* **EXERCISE DESCRIPTION**
Going line by line through the records below, write out everything starting with the line containing "bílá kojenecká vázací" and going on through the line containing "Load image into", exactly and inclusively. Pictures do not go in.

* **RECORDED DATA**
%%

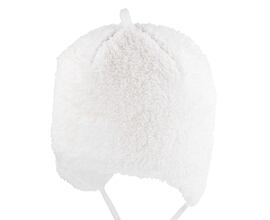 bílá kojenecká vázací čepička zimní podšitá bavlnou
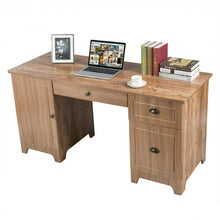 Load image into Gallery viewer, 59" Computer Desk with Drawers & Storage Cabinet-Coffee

%%
%%

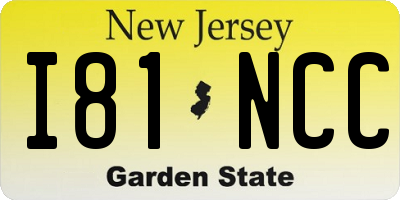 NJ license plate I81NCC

%%

* **ANSWER SECTION**
 bílá kojenecká vázací čepička zimní podšitá bavlnou
 Load image into Gallery viewer, 59" Computer Desk with Drawers & Storage Cabinet-Coffee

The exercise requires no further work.